A bonus of the Footprints on the Moon revival: Howard and Raj continue to get their friendship back on track after their rift earlier in the season, though I love that Raj has kept the naturally curly hairstyle he switched to after their quarrel. Raj revealed he’d only straightened his hair to make it look more like Howard’s when the two first met, because he wanted to emulate his “cool” pal. Raj has got his own ‘do, and he’s moved into an apartment and a lifestyle he can support on his earnings, without handouts from his wealthy parents. The new hair and his growing independence are both good looks on him.

As for what the rest of the gang is up to, Sheldon has grown depressed about his lack of enthusiasm for any of his work projects. It makes him grumpy (or grumpier than usual), and he kicks Amy out of their apartment so he can have some alone time to get inspired. When Amy scoots across the hall to Penny and Leonard’s, she and Leonard bond over their shared pasts of spelling bees and science fair projects, while Penny escapes their walk down science-memory lane by going to Amy’s apartment to hang with Sheldon.

Leonard and Amy, hmm. “Lamy” would be their portmanteau, and it is an apt one. They are not one of the more dynamic pairings among the friends.

But Sheldon and Penny together almost always pays off. In the end — if CBS or the cast does ever pull the plug on this lucrative series — Sheldon and Penny may prove to have been the most genius couple all along. His arrogant condescension doesn’t chip away at her inherent confidence, or rather, she doesn’t allow it to.

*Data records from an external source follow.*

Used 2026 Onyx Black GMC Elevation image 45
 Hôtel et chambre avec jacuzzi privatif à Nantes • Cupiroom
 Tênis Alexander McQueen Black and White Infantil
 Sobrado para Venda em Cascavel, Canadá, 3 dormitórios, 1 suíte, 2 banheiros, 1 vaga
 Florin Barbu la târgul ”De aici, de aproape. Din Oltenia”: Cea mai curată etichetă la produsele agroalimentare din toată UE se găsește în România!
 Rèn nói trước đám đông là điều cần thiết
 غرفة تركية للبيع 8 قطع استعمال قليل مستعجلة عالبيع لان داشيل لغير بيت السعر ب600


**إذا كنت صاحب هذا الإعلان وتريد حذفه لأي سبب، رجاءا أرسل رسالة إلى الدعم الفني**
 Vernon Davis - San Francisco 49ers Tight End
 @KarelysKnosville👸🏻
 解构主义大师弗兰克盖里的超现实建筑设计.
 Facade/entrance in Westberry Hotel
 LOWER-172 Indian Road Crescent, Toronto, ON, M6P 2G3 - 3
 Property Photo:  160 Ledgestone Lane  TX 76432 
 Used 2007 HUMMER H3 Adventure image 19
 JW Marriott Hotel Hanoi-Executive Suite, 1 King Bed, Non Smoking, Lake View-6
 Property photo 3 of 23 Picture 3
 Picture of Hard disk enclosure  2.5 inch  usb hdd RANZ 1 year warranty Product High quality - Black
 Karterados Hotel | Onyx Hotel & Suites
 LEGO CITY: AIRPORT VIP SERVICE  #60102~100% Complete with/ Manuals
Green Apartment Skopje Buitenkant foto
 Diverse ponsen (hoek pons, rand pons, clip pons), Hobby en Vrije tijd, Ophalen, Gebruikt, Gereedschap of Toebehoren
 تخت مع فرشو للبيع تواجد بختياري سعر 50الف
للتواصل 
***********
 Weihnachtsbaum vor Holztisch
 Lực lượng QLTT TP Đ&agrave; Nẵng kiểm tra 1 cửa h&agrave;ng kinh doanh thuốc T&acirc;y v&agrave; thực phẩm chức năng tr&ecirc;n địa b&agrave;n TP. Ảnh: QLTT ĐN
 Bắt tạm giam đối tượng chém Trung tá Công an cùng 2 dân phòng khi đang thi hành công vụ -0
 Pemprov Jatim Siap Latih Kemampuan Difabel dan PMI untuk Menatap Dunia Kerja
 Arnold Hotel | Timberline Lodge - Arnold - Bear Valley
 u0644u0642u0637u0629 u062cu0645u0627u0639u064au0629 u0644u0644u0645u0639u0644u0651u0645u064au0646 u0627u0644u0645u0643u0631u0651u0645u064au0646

Because of that — and because of the genuine affection between them — Penny can often pull Sheldon around to his most endearing state after he is being his most insufferable self (like, say, kicking his fiancée out of their home, and insulting Leonard when he dares to simply inquire what Sheldon is working on).

Penny doesn’t seem to have picked up a lot of scientific knowledge after 11 years with this gang, but she’s often the only one who can snap Sheldon out of his funks, and her common sense (something that is sometimes lacking with the brilliant Dr. Cooper) has on more than one occasion led Sheldon to both personal and professional insights.

She doesn’t really “solve” string theory, as she later claims to Leonard and Amy, but she certainly is key in helping Sheldon rediscover his jones for the topic. And maybe allowing Amy to return to her own home.

THEOR-EMS

• Raj brings his friends a newspaper so they can see a review of his planetarium show, and Sheldon discovers a Far Side comic that puzzles him. It’s “Midvale School for the Gifted,” one of the all-time best Far Sides.

• Among Footprints on the Moon’s other tunes: “Sherlock Around the Clock”. The lyrics: “Holmes said to Watson / On Baker Street / Come on, Doctor / Time to move those feet.”

• We did not get to hear it, but among the other tunes on FOTM’s set list: “Let’s Get Astrophysical.”

• Leonard, upon hearing Footprints on the Moon might have to cancel its bar mitzvah booking because of Howard’s schedule: “Too bad. You guys kill at bar mitzvahs, and other events where people can’t leave.”

• Why Sheldon loves pizza: it’s “a circle, made of triangles, served in a square box.”